The Wisconsin Department of Justice recently alerted state law enforcement about a scam involving health care credential holders. We want to make you aware of the potential fraud scheme, to make sure you knew how to verify the status of your license, and to distinguish how this scam is different from what you should expect from the department during any legitimate disciplinary proceedings.


The Wisconsin Statewide Intelligence Center issued the notice, which is attached to this message, after learning that some Wisconsin health care license holders had experienced similar fraudulent contacts. All had received calls indicating that their licenses had been suspended due to criminal activity and that they were to leave work immediately or risk being arrested. Some were directed to nearby UPS stores to retrieve faxed documents that purportedly verified the investigations. None of the individuals who reported the scam had been asked to transfer money, although reports of similar fraud in other states involved requests for payment.
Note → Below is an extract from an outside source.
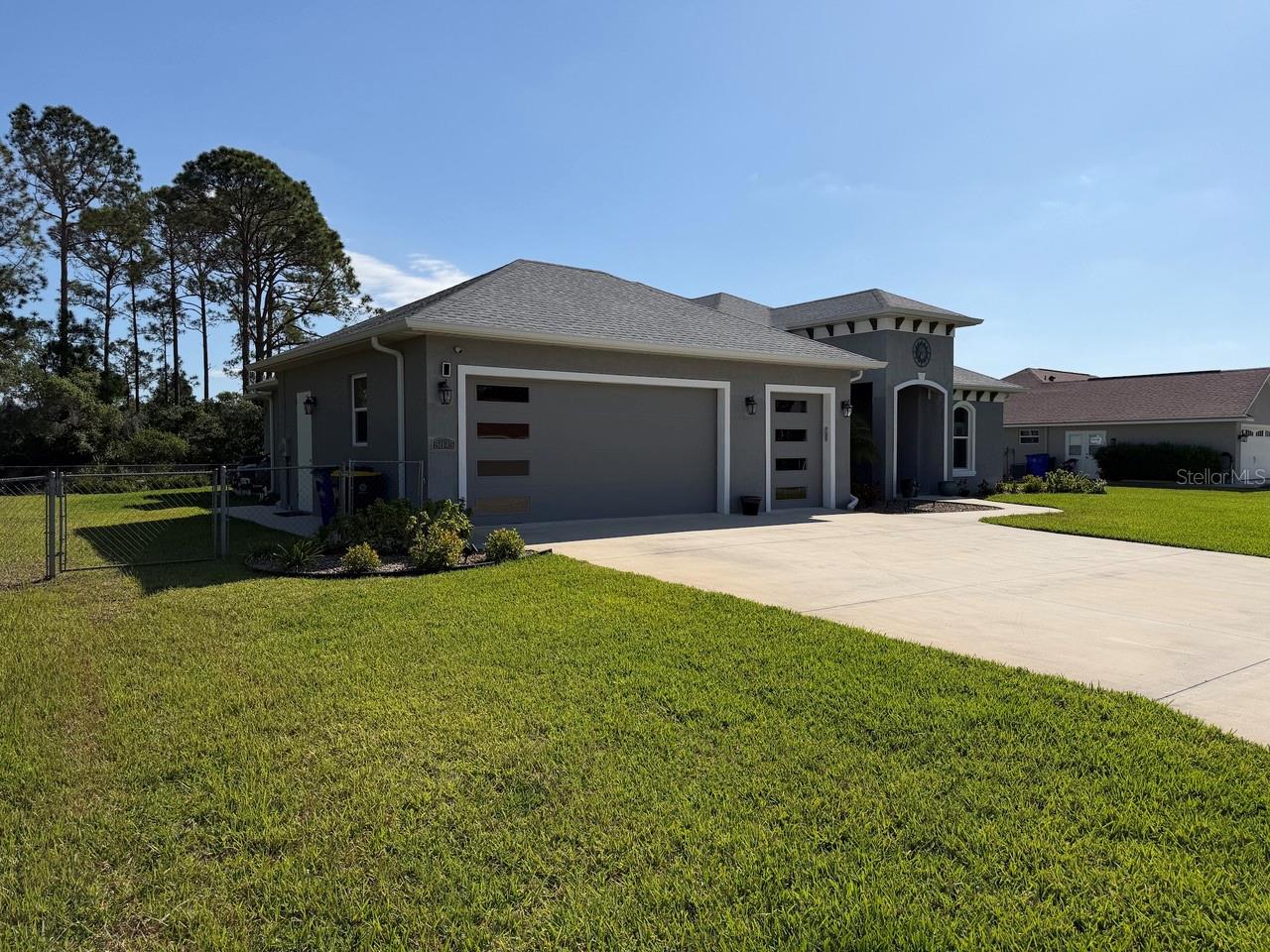 SUN N LAKE - Residential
This pattern of activity is not standard process for DSPS. When there is an active complaint against an individual’s license, the department will make a good faith effort to first contact the license holder via email or mail and not by phone. Should the department not receive a response to our written requests, we may then reach out to you via the phone number on file with the department. However, the department will not notify you of a suspended license or notify you that a complaint has been filed over the phone. You will always be provided written notice well before any phone call is made, as outlined above. 


Those who receive any suspicious communication regarding their license should consider the following actions:

  • Anyone who fears for their immediate physical safety should hang up and call 911.
  • You can verify the status of your license at the DSPS online license look-up. The search results will include accurate current license status. In other words, if the search indicates a license is active, it is active.
  • You can report scams and fraud attempts through the FBI’s Internet Crimes Complaints Center at https://ic3.gov.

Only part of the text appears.